Rahmetli Asım Gültekin Abi gittiği bir misafirlikte veya herhangi bir yerde bir kitaplık ya da kütüphane bulursa mutlaka orayı karıştırırdı. Kitap okumanın zevkini almıştı; isterdi ki herkes bir şeyler okusun, bir şeyler yazsın. Beraber Fatih’te bir yayınevine uğradığımızda da çok mutluydu.
Onun dünyasında dergilerin olduğu gibi kitapların da yeri büyüktü. Kitapları karıştırırken muhtemelen bir tek kitabı arıyordu. Kitapseverler bilirler ki güzel kitabın nerede ne zaman karşınıza çıkacağı bilinmez. Hiç ummadığınız bir yerde, hazine değerinde bir kitapla karşılaşabilirsiniz.
Kitap medeniyeti
Kitapların insanlar üzerindeki tesirleri çok fazladır. Bundan dolayı birçok arif, âlim ve faziletli kimseler mesajını insanlara ulaştırmak için kitap yazmayı tercih etmiştir. Bu aynı zamanda kâinattaki Sünnetullah’a da uygun bir davranıştır. Zira Cenab-ı Allah mesajını kitapla göndermeyi uygun görmüştür. Kitabı öğretmesi için de Peygamber göndermiştir.

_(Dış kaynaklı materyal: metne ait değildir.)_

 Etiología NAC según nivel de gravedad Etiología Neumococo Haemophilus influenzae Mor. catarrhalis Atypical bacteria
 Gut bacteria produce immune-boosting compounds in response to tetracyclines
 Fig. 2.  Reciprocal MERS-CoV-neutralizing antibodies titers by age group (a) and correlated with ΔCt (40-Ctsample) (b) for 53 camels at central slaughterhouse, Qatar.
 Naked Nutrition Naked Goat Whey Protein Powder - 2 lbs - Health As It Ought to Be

Ayet-i Kerime’de şöyle buyurulur: “Nitekim size içinizden ayetlerimizi okuyan, sizi arındıran ve size Kitab’ı ve hikmeti öğreten, daha önceden bilmediğiniz şeyleri bildiren, sizden bir Peygamber gönderdik.” (Bakara, 151)
Peki, insan kitapla eğitilebilir mi? İlla bir hocanın olması mı lazım? Öğretmenin, hocanın, mürşidin, kitabın; her birisinin yeri başka başkadır. Allah kimisini bir kitapla hidayete erdirir, kimisini bir sohbetle, kimisini bir dersle… Kimisi de yaşadığı bir olaydan etkilenerek hidayet bulur. Veya hidayet ehliyse imanını arttırır. Allah’ın bizi hangi vesile ile yetiştireceğini bizim tam olarak kestirmemiz mümkün değildir.

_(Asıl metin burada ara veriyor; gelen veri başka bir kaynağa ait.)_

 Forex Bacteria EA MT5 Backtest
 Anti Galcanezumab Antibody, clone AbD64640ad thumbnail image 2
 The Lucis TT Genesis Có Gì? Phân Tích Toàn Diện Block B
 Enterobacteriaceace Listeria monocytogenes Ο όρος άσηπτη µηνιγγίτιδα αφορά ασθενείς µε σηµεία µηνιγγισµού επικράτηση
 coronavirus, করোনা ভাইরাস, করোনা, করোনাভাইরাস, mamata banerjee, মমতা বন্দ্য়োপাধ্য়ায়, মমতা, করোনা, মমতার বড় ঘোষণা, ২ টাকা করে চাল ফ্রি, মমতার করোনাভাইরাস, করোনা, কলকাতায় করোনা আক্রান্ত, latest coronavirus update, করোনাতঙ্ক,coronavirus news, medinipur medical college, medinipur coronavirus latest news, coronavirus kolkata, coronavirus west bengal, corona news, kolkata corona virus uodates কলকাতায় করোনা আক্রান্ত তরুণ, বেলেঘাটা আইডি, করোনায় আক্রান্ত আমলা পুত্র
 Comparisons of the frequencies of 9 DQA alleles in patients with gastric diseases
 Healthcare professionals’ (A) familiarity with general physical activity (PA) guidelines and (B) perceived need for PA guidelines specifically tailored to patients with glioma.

İnsan bazen öyle olur ki bir kitaba rastlar ve o zamana kadar göremediği bir kusurunu fark eder ve kendisini düzeltmeye çalışır. Veya bir kitap sayesinde anlayışını, kavrayışını arttırır da derecesini yükseltir. Bir kitap okur, paranın, şöhretin, siyasetin şatafatına arkasını dönüp irfanın peşine düşer. Önünden dünyevi yaşantıyı benimsemiş insan yığınları bir nehir gibi akarken, hikmeti görünce heyecanlanan bir güzel insan olup çıkar. Bunun tersi de mümkündür. Bazen de kitaplar insanı kapar ve onun derekesini düşürür. Bir kitap okursunuz, marksçı, evrimci, satanist vs. olursunuz.
Hikmet ve irfan
Geçenlerde çalıştığım ortaokulun kütüphanesine şöyle yarım saat kadar bir göz attım. Hiç ummadığım harika kitaplarla karşılaştım. Seçtiğim kitapların içinden bazılarını okumak üzere kendime ayırdım. Neredeyse her cümlesinin altını çizmek istediğim kitaplardı bunlar. Birisi Yusuf Has Hacib’in “Kutadgu Bilig”i, diğeri Muhasibi’nin “Farzet ki Öldün” adlı kitabı, bir diğeri de İbn Hazm’ın “Nefislerin Tedavisi” adı ile çevrilen “Müdavatün Nüfus”adlı kitabıydı.
Kütüphanede yalnız başımaydım. Her bir kitaptan beşer onar dakika okudum. Kitaplardan birini okuyorum, içimden; “Off ne müthiş” diyorum. Bir diğerini okuyorum; “Ooo bu da çok güzelmiş” diyorum. Keşke o sırada birisi kütüphaneye girseydi de bu heyecanımı onunla paylaşabilseydim. Gözüme kestirdiğim herhangi birisine bu kitaplarla ilgili bir şeyler anlatmaya hazırdım. Çok güzel bir yemek yiyorsunuz ama yalnızsınız, işte böyle bir duyguydu.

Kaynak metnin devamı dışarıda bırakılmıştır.